An issue I raised was the accessibility of resources in digital repositories. There are well established guidelines developed by WAI which can help to ensure that HTML content can be accessible to people with disabilities. Myself and others have argued that the guidelines and the WAI model is flawed, but many of the guidelines are helpful and institutions should seek to implement them (indeed there are legal requirements to ensure that services do not discriminate against people with disabilities).
WCAG 1 has the following requirements:
3.2 Create documents that validate to published formal grammars. [Priority 2]
11.1 Use W3C technologies when they are available and appropriate for a task and use the latest versions when supported. [Priority 2]
11.4 If, after best efforts, you cannot create an accessible page, provide a link to an alternative page that uses W3C technologies, is accessible, has equivalent information (or functionality), and is updated as often as the inaccessible (original) page. [Priority 1].

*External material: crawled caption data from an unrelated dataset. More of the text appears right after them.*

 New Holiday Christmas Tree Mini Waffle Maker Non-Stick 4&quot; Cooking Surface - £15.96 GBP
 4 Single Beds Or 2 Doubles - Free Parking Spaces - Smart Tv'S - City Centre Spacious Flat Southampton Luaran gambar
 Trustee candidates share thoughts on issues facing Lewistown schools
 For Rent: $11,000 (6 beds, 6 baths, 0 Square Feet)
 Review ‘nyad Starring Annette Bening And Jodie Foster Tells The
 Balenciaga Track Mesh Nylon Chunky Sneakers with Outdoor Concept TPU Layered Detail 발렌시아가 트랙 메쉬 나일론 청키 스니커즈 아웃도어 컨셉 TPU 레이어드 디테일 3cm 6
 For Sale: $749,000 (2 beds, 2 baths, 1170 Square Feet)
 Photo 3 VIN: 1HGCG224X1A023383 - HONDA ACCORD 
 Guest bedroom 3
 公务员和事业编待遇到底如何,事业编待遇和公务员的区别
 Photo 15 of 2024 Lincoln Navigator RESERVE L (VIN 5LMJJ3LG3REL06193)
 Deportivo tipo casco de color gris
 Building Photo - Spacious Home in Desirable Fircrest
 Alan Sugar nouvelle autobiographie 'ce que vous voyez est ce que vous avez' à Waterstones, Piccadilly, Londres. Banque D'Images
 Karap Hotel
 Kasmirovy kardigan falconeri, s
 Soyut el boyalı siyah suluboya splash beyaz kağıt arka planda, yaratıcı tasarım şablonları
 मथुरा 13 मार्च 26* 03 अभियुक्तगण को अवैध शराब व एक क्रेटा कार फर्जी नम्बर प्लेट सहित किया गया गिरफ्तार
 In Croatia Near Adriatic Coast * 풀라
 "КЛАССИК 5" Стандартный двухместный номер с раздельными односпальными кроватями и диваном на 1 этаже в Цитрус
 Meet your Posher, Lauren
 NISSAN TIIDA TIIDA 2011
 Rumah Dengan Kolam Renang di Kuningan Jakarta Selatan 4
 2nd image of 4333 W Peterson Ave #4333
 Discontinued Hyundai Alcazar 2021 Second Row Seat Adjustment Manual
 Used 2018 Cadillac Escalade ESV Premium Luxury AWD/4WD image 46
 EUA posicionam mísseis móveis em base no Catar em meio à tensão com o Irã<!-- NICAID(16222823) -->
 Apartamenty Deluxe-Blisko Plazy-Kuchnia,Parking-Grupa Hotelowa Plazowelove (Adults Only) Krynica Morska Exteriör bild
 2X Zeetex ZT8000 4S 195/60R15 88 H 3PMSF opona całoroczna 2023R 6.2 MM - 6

This seems to be pretty unfriendly towards PDFs, I would argue. WCAG 2.0 (which is in draft form) is, however, neutral regarding file formats – a development I welcome (although the guidelines still have their limitations). However the guidelines still require that content is accessible; and as well as the requirement in the guidelines, there are also legal and ethical requirements to address such issues.
Proprietary formats such as PDF can be made accessible. However I am uncertain as to how alternative text for images and providing structure to PDF documents will happen in a distributed workflow environment.
Rather than dwelling on this (technical) issue, I would like to focus on the policy issues, which should be independent of particular file formats. UK legislation requirements organisations to take reasonable measures to ensure that people with disabilities are not discriminated against unfairly. One could argue that it would be unreasonable to expect hundreds in not thousands of legacy resources to have accessibility metadata and document structures applied to them, if this could be demonstrated to be an expensive exercise of only very limited potential benefit. However if we seek to explore what may be regarded as ‘unreasonable’ we then need to define ‘reasonable’ actions which institutions providing institutional repositories would be expected to take.
One approach would be for the institution to ensure that it provides appropriate training and staff development for authors who are expected to upload documents to repositories. Linked to this may be tools which can flag problem areas to the authors, as documents are being prepared for uploading. There may then be auditing tools which can alert institutions to potential problems.
Related to policies to support the authors, are policies which address specific problems which users with disabilities may have. Clearly many scientific papers (containing formulae, for example) may be difficult to be processed by traditional assistive technologies. Perhaps this is where there is a need for just-in-time accessibility (as opposed to the traditional just-in case approach) or blended accessibility (real world alternatives to digital accessibility barriers).